The Sun Bear is the smallest of all the bear species being on average only 28 inches at the shoulder with a weight of between 25 and 65 kgs. They have strong curved claws which aid climbing as they are the bear species most suited to life in the trees and have several adaptions to support this life style, such as hairless feet for better grip and short hair to suit the hot climates they inhabit. They are also good swimmers and studies have shown them to have expressive faces and keen problem solving intelligence including using claws to pick locks to open food cupboards.

Despite their size they have large canines and a very powerful bite possibly an adaptation to help reach insects and larvae deep within hard wood trees. They also have an impressively long tongue (up to 10 inches long!) to help reach larvae and honey.
The name Sun Bear comes from a distinctive chest patch which is normally orange or cream, their fur is short glossy and normally jet black but red and grey colours have been seen. The chest patch is displayed in threat displays

They shy and don’t attach humans unless provoked and this has lead them to be tamed and kept as pets in the past to the detriment of the species. They become sexually mature after 2 years with gestation between 95 – 240 days with the longer pregnancies being recorded in temperate climate zoos. The mother normally gives birth in hollow tree cavities of 1-2 cubs who remain blind until 50 days after birth, the young remain with the mother for about 3 years. Sun bears have an average life span of 20 years with one reaching 31 years in captivity


Sun Bears like most bears are omnivores eating various insects, plants and honey as well as occasional birds, reptiles and small mammals in some areas they have been found to prey on livestock and poultry when they have opportunity. Sun bears in captivity are normally fed a vegetarian diet.


Sun bears are found in Bangladesh, Myanmar, Thailand, Laos, Cambodia and Vietnam as well as far south as Brunei, Indonesia and Malaysia.

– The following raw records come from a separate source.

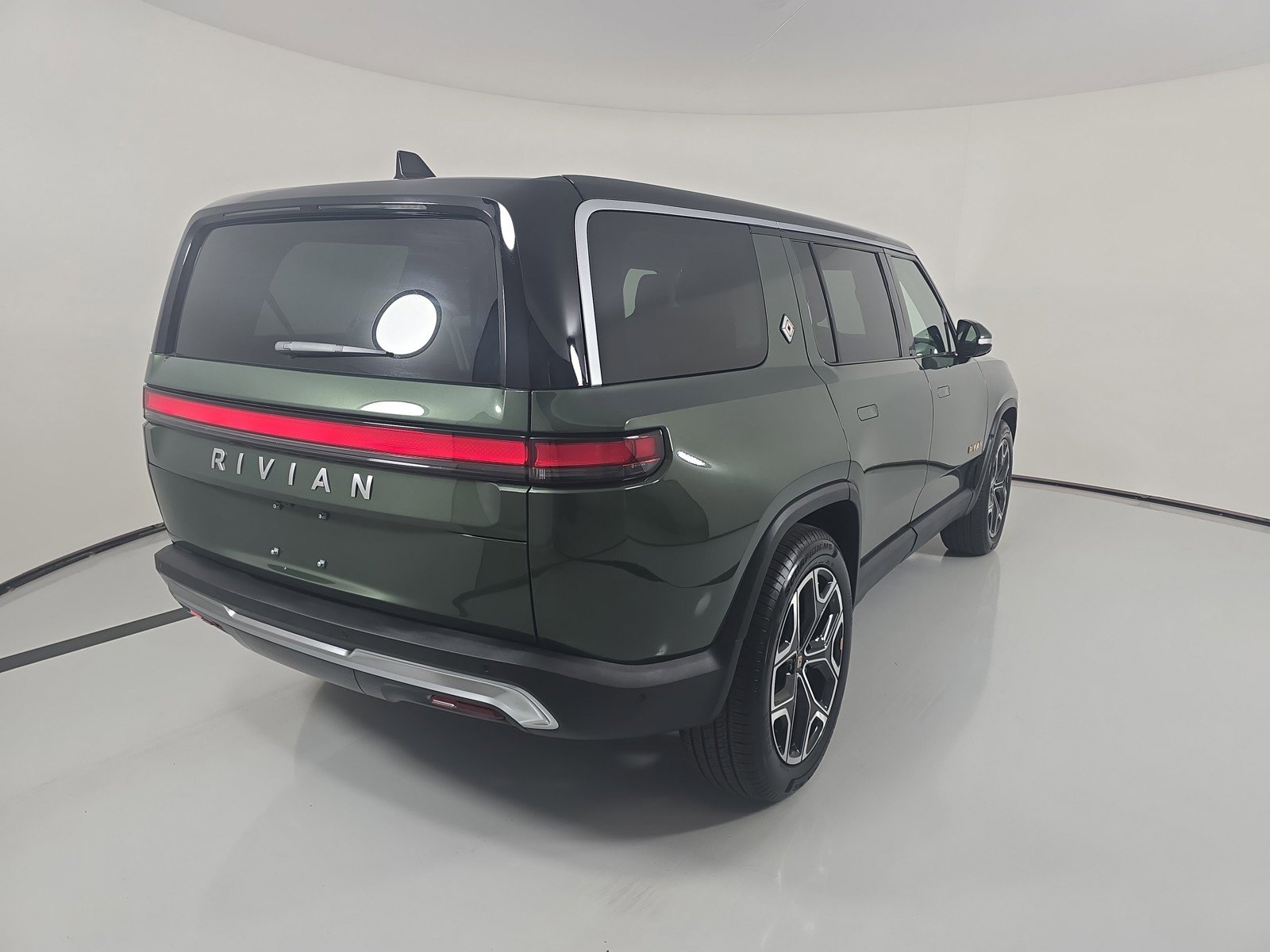 Used 2024 Rivian R1S Adventure AWD/4WD image 5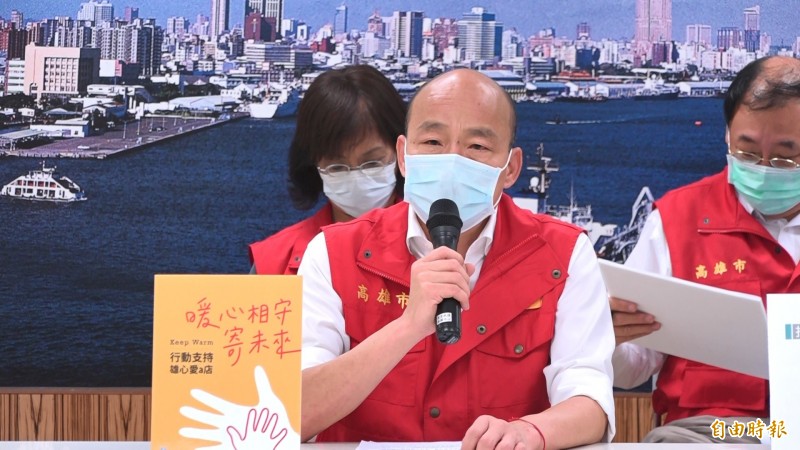 高雄推「暖心相守寄未來活動」，市長韓國瑜響應付5000元，向喜憨兒門市預購、寄杯咖啡。（記者李惠洲攝）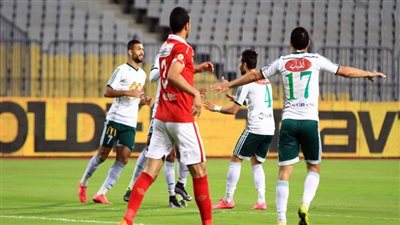 «30 دقيقة» الأهلي يتعادل سلبيا أمام المصري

The species is regarded as vulnerable due to hunting for food and deforestation, in recent years they have been sighted in areas of China. They prefer unlogged forests of any kind, normally at fairly low elevations but not always, in some areas their territory is limited by competition with Sloth bears. As well as human poaching, tigers will prey on adult Sun Bears and young are vulnerable to other smaller predators.